Yale’s fleet of lawnmowers, hedge trimmers and chainsaws are buzzing into the environmentally conscious 21st century as the Office of Facilities works to replace diesel-powered equipment with battery-powered alternatives by the end of the calendar year.
In 2005, Yale committed to reducing greenhouse gas emissions by 43 percent by 2020. The initiative to replace diesel landscaping equipment with emissions-free electric equipment is driven in part by Landscaping Supervisor Joseph Signore and began about a year ago. Since the project began, the Office of Facilities has identified satisfactory electric alternatives to most of their diesel-powered machinery.
“The guys came in, and they were just like, ‘This thing just kept cutting,’” said Director of Grounds Maintenance Paul Catalano, referring to new electric hedge trimmers and string trimmers that can cut along three football fields’ worth of fencing on one charge.
At the moment, Yale’s grounds maintenance team is looking into products to replace the University’s diesel-powered mowers and leaf blowers. Catalano said that choosing appropriate replacement machinery requires the team to consider charging systems as well as technical performance because the charging mechanisms for electrical models produced by different companies are not always compatible.
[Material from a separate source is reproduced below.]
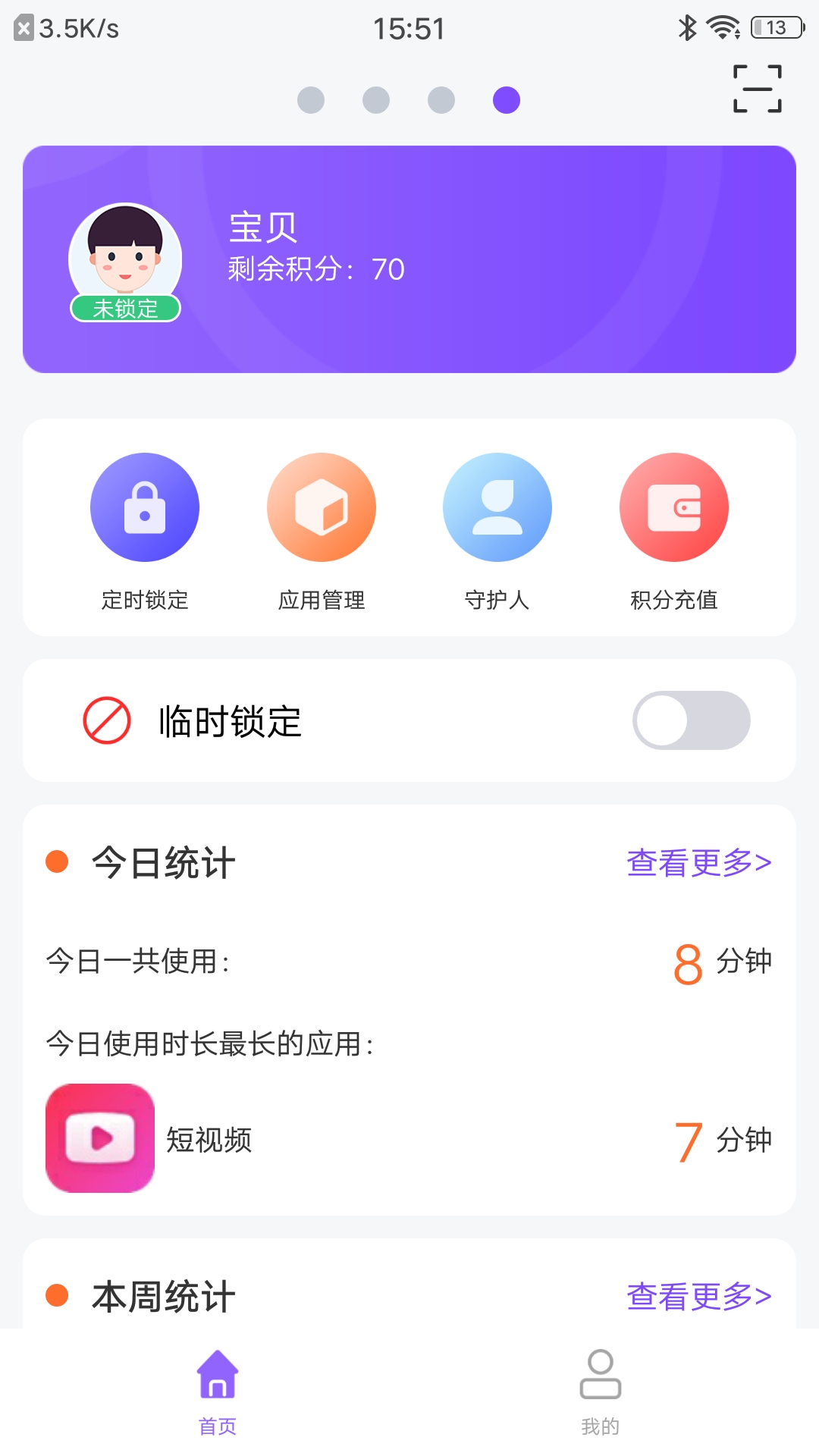 精彩截图-沐宝守护2026官方新版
The initiative was met with enthusiasm from the Yale community. All 20 students interviewed by the News said they were supportive of the eco-friendly replacements.
Virginia Chapman, director of the Yale Office of Sustainability, said her office applauds the initiative because it will lead to reduced fossil fuel consumption and have a positive impact on air quality and noise pollution. Skyler Chin ’19, a student on the energy initiatives team of the Yale Sustainability Service Corps, also praised the University for attempting to improve air quality and energy efficiency.
Grounds Maintenance will foot the bill for the new equipment, which Catalano said can cost as much as 50 percent more than diesel products, but will also eliminate fuel costs in the future. Catalano said he will attend the Green Industry and Equipment Expo in Louisville, Kentucky in mid-October to peruse products before making the final call on which equipment to purchase.
“I’m kind of hoping there’s something else out on the market that I don’t know about which would help us make our final decisions” Catalano said. “When I look at it out at the show, and I put my hands on it and run it, I’ll know if I want it. I’ll know if that’s the right way to go.”
Catalano said that Grounds Maintenance is committed to making its eco-friendly changes foolproof. For instance, the office will not use inverters to charge the machinery, as these require power from trucks in order to work. The office will also ensure that contracted groups that maintain Yale grounds use the same electrical equipment even if this means providing these groups with the new devices. Grounds Maintenance is also playing with the idea of developing a solar-powered charging base for the new equipment, according to Catalano.
“That would be the big home run, to charge a hundred stations by solar,” Catalano said.
Catalano added that Grounds Maintenance plans to hold onto the old diesel-powered machinery rather than put it on the market, as doing so would defeat the purpose of the initiative.
Catalano has worked at Yale for more than 25 years.